- _EXERCISE DETAILS_: Set down nothing but the lines from the one containing "Gold Ladies Necklace with Quartz" to the final line of the material, exactly as written, and drop the pictures.

- _EXERCISE DATA_:

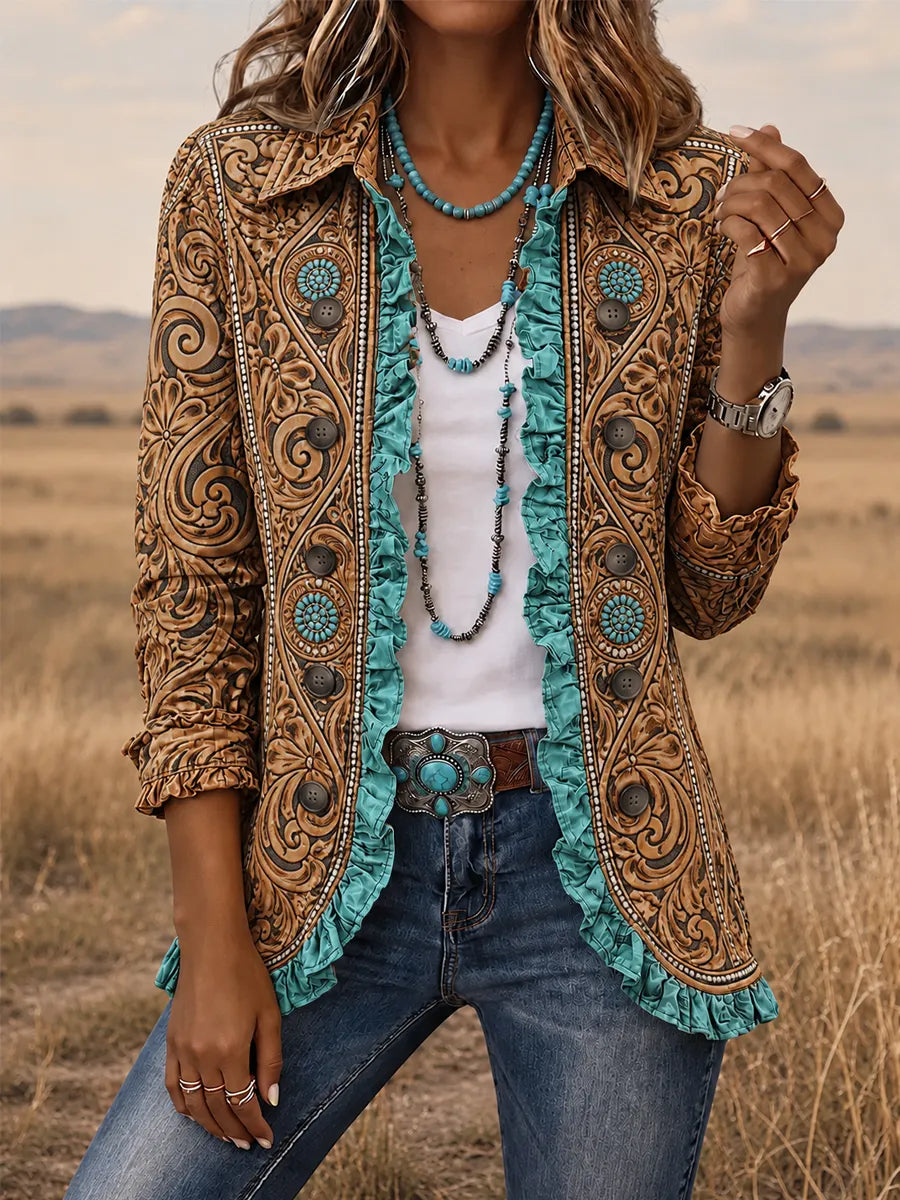 Women's Vintage Western Style Print Casual Ruffled Shirt Jacket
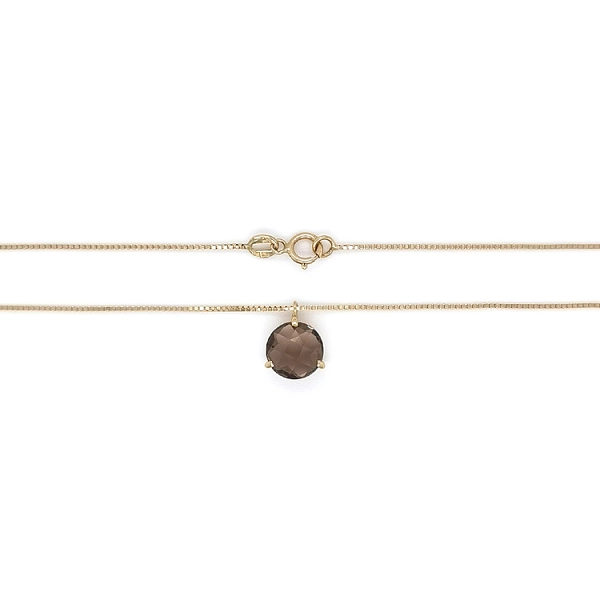 Gold Ladies Necklace with Quartz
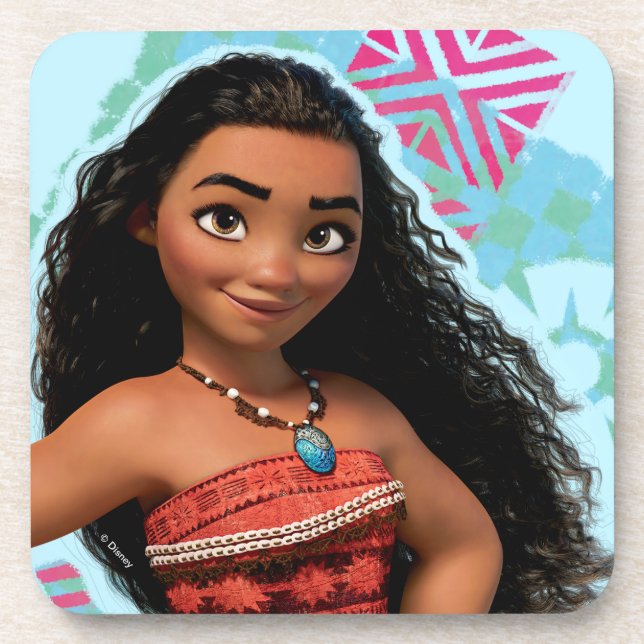 Moana | Vintage Island Girl Drink Coaster (Front)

- _RESPONSE TO THE EXERCISE_:
 Gold Ladies Necklace with Quartz
 Moana | Vintage Island Girl Drink Coaster (Front)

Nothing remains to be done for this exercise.